Tot ver in de vijftiger jaren kwamen jaarlijks zo’n 130 werkpaarden ter dekking naar de Oldenhof. Nakomelingen van deze hengsten, vooral die van Vendelier, behaalden op lokale keuringen vele prijzen. De opkomst van trekkers en de ruilverkaveling maakten dat werkpaarden minder nodig waren en het dekstation minder werd gebruikt en begin jaren zeventig werd beëindigd.
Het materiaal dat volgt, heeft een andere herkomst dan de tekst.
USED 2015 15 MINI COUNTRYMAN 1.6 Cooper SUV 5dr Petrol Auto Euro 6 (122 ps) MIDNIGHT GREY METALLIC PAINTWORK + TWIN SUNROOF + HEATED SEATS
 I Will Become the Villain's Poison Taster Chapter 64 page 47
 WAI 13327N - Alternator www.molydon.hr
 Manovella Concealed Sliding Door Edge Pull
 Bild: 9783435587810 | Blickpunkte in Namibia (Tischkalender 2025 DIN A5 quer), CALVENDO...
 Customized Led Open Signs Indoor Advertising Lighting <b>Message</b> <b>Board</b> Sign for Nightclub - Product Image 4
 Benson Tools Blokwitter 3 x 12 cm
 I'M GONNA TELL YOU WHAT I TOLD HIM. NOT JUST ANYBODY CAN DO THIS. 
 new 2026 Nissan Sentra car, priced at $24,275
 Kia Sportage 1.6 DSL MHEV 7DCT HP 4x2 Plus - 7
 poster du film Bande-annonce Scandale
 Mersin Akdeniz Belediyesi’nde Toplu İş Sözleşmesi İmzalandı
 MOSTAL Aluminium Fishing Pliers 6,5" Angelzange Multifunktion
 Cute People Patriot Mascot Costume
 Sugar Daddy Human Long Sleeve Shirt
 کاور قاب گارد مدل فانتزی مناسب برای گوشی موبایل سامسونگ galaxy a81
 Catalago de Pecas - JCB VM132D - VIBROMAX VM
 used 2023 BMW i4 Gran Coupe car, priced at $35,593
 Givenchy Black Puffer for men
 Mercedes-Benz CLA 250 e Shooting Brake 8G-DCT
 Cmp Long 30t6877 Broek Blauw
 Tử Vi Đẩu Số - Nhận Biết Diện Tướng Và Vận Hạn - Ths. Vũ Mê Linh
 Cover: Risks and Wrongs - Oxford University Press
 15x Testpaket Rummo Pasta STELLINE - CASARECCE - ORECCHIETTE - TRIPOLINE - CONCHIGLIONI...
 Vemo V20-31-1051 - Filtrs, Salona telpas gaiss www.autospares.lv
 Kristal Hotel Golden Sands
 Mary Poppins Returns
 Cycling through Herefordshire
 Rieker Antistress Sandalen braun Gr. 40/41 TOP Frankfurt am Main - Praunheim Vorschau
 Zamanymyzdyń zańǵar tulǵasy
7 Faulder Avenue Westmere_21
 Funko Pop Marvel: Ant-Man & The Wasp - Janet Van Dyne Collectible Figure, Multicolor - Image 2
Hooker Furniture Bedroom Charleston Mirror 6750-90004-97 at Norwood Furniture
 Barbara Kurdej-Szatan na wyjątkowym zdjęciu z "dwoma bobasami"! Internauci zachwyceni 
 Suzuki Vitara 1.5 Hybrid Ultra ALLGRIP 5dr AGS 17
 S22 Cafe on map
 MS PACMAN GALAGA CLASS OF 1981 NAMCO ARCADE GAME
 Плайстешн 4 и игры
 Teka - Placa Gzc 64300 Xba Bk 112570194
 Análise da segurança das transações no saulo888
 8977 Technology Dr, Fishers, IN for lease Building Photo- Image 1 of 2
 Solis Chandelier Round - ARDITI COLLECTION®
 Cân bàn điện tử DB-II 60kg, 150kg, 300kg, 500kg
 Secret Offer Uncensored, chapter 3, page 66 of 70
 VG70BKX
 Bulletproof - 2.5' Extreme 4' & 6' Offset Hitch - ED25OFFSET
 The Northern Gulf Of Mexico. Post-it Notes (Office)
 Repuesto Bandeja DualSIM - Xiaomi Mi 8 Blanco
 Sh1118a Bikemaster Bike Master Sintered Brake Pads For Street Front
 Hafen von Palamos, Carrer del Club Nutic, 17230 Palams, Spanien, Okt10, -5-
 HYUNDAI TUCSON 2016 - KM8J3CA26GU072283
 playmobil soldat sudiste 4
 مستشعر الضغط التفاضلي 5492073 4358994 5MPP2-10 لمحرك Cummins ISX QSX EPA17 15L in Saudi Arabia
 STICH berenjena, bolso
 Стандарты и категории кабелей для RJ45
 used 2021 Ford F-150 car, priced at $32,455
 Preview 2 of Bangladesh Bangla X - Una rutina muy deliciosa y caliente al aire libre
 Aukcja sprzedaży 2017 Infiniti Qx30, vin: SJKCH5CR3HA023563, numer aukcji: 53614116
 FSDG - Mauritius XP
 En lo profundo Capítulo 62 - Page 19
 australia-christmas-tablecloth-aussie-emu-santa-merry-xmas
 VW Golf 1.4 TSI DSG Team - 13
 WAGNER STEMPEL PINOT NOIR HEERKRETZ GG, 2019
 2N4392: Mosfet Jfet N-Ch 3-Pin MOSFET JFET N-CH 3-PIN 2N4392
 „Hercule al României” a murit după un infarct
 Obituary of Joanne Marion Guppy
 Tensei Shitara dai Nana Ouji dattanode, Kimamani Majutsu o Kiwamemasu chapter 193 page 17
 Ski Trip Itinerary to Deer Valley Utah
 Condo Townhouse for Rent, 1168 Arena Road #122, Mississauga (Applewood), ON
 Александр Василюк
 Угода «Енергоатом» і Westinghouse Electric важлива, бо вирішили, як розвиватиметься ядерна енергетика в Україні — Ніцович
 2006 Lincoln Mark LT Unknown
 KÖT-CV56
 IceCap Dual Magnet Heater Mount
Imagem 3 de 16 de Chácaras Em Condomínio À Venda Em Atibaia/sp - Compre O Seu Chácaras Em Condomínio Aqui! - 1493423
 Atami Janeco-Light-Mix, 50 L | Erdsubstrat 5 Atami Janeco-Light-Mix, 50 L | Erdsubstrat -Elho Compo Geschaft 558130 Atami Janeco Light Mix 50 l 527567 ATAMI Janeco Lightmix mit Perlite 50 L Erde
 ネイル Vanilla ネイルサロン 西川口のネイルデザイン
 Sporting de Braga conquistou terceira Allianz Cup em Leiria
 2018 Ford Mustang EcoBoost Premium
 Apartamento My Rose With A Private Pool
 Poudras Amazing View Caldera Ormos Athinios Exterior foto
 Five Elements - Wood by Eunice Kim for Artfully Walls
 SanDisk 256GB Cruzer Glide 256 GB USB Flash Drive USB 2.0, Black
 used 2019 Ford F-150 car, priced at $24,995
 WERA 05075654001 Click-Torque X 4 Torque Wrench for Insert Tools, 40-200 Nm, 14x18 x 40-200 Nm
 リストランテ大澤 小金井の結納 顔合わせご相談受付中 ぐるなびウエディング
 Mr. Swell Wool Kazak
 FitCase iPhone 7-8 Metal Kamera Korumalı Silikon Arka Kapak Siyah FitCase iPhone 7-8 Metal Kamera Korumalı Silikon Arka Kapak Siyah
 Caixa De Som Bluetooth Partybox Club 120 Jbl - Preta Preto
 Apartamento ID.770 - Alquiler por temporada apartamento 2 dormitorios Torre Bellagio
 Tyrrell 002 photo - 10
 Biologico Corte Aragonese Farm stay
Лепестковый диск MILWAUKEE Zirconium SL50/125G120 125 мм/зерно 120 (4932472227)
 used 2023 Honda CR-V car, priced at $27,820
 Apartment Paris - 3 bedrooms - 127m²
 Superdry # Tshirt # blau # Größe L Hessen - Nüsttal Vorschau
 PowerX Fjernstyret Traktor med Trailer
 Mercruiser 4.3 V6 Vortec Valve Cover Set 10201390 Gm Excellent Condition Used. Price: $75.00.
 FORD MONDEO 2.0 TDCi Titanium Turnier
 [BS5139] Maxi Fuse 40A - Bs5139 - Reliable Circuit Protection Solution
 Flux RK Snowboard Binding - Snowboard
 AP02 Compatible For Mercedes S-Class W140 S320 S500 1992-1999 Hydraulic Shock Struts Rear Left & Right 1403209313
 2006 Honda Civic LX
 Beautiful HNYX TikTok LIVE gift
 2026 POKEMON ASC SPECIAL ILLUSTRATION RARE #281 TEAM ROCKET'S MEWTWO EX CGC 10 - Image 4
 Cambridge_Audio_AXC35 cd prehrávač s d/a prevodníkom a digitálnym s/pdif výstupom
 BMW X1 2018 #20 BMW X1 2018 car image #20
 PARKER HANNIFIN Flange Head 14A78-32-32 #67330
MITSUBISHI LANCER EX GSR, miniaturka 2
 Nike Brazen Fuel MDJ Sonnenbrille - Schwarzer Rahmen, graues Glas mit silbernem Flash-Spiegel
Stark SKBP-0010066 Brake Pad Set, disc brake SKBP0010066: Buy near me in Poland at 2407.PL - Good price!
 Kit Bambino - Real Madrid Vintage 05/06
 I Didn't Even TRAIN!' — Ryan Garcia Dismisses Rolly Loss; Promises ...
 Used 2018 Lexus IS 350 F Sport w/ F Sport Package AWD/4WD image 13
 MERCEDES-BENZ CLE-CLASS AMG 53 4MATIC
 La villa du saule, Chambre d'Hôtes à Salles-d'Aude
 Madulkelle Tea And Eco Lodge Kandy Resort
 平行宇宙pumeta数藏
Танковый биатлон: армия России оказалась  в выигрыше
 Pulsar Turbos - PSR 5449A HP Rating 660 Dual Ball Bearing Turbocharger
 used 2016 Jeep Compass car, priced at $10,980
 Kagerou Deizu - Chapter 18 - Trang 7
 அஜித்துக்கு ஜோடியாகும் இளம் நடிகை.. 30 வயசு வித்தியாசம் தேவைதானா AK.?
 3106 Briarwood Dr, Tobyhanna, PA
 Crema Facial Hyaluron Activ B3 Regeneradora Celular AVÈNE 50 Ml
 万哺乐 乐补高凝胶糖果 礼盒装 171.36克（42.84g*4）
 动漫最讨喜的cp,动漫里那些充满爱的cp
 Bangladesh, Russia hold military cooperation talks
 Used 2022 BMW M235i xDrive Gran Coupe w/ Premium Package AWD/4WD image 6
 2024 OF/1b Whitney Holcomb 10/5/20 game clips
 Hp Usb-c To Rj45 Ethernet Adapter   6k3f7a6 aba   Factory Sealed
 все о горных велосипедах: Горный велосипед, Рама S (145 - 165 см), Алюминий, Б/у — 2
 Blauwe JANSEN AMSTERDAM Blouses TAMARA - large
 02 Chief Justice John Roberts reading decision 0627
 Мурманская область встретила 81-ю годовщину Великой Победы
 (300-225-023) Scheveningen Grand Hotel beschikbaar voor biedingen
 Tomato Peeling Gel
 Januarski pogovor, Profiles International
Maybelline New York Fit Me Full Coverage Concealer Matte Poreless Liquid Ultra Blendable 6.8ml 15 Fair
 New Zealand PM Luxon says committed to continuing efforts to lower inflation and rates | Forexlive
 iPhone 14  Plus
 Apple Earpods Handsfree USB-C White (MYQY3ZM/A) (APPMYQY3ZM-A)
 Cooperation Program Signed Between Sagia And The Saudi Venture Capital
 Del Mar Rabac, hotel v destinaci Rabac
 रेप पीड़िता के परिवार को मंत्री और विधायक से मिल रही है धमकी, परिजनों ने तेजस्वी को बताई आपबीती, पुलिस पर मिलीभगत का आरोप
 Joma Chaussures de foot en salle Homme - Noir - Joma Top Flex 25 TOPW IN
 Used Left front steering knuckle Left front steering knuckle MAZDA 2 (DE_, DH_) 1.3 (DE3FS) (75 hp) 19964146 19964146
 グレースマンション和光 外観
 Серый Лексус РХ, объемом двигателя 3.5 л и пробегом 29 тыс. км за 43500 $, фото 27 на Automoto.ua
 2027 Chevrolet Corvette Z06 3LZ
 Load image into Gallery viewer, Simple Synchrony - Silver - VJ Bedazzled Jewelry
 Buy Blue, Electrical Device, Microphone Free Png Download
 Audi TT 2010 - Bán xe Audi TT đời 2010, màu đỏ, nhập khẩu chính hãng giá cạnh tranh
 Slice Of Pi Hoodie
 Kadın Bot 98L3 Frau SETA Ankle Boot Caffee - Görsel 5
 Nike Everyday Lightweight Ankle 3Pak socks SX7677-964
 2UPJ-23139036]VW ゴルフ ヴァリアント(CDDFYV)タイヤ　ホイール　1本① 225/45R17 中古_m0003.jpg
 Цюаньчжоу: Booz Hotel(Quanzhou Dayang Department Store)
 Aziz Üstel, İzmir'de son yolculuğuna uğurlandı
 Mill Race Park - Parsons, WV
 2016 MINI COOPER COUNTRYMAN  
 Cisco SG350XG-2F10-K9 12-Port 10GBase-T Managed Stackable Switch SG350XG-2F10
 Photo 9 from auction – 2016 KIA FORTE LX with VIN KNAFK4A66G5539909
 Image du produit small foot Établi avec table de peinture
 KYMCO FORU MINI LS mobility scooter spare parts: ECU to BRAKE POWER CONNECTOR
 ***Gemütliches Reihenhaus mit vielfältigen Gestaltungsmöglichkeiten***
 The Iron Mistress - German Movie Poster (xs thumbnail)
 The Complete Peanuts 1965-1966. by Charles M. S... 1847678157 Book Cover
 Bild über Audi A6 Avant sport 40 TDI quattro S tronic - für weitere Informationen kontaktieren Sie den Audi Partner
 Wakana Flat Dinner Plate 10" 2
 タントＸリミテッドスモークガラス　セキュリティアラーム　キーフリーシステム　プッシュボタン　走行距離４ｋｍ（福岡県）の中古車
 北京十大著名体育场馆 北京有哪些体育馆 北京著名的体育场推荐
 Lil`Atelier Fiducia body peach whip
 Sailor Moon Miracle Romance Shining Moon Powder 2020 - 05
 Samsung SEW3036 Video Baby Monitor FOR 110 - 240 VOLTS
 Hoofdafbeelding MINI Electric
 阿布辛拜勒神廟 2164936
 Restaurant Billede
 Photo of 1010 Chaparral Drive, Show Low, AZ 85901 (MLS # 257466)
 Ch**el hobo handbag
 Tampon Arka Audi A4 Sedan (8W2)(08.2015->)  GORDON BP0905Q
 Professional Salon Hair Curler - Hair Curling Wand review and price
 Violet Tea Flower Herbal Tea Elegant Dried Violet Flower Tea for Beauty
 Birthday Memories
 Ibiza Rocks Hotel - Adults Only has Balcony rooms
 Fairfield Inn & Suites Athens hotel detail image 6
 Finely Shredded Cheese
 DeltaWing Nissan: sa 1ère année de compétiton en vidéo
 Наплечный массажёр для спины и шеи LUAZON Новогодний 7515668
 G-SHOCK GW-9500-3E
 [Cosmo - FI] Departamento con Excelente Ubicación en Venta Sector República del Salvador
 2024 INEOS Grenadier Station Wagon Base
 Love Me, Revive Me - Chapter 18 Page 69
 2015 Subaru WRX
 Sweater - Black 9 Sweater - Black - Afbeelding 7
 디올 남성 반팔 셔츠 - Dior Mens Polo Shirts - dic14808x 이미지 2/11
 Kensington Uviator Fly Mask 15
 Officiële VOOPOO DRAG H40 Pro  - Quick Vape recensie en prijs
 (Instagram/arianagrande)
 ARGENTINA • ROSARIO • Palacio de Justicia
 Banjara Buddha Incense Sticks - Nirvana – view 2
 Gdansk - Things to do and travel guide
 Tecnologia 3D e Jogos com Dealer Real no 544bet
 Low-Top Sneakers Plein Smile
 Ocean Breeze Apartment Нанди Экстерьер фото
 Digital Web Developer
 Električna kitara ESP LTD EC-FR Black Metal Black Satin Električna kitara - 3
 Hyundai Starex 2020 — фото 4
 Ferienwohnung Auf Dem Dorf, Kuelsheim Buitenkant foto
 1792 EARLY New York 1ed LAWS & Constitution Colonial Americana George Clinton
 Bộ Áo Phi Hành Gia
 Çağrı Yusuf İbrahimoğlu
In 1947-’48 werd in Ambt Vollenhove een fokvereniging opgericht die ging bevorderen dat boeren geen eigen stier meer hielden maar gebruik zouden maken van een stamboekstier met een goede afstamming wat betreft melkgift en vetgehalte. De fokstier van de vereniging werd bij Reint Haasjes ondergebracht. Later zou blijken dat gebruik van de stierenhouderij problemen opleverde met overdracht van geslachtsziekten, onder andere abortus bang, waardoor de boeren zouden gaan overschakelen op kunstmatige inseminatie en aan de stierenhouderij op de Oldenhof een eind kwam.

In de 50-er en 60-er jaren hield de fokvereniging jaarlijks bij de Oldenhof een jongveedag, waar de jeugd hun opfokprestaties kon tonen. Naast het dekstation voor paarden en de stierenhouderij hield Reint Haasjes ook een kwaliteitsbeer van de fokvereniging en diverse rammen.
Toen Reint Haasjes in 1971 overleed was de boerderij in verval geraakt. De boerderij werd eerst grondig gerestaureerd en verbouwd voordat zoon Harm Haasjes (zie Foto 19) daar ging wonen en werken. Het koetshuis werd omgezet in een woonkamer en de kleine baanderdeuren die toegang gaven tot het koetshuis werden vervangen door ramen (zie Foto 14 en 15).
De voorste deur in de zijgevel, waar vroeger het paard naar binnen ging om in de karnmolen te lopen, werd verplaatst - met de gevelsteen die daar boven zat- naar de korte voorgevel (zie Foto 16). De karnruimte werd keuken, gekarnd werd er immers sinds de opening van de melkfabriek in 1897 niet meer op de boerderij (zie Foto 17). Ook werd er nu een “watercloset” aangelegd met een septictank. Op de appelzolder werden twee slaapkamers gemaakt.
Daar de boerderij “op Oldenhof” niet erg geschikt was om in te richten als een modern veeteeltbedrijf werd besloten om de 20 hectare pachtgrond die Haasjes bewerkte, in te brengen in een maatschap met zijn schoonvader Roebers, waar Harm Haasjes al sinds 1959 werkte, en het melkvee te houden in de nieuw gebouwde ligboxenstal aan de Noordwal, terwijl de kalveren op de Oldenhof boerderij zouden komen. Maar een paar jaar later bleek het heen en terug vervoeren van het jongvee toch te bezwaarlijk en bouwden ze een schuur voor het jongvee op de Noordwal en verdween het vee van de Oldenhof.
Harm Haasjes (zie Foto 19) had graag gezien dat de boerderij een soort museum zou worden met o.a. de rijtuigen van de familie Sloet, de oude landbouwwerktuigen, het weegtoestel uit 1650, de antieke kasten in het woongedeelte uit 1800 en 1850, de vorstelijke schuur en stallen, maar in 2016 werd het pachtcontract van Haasjes door de Stichting de Oldenhof beëindigd, en zo kwam er een eind aan een lange traditie van boeren-pachters op de Oldenhof. In 2017 verkocht de stichting de boerderij de Oldenhof (de grond in erfpacht) aan de familie Jongman die hier nu een Koffie- en Theeschenkerij en een Bed and Breakfast runnen naast het beheren van de natuurcamping op het landgoed.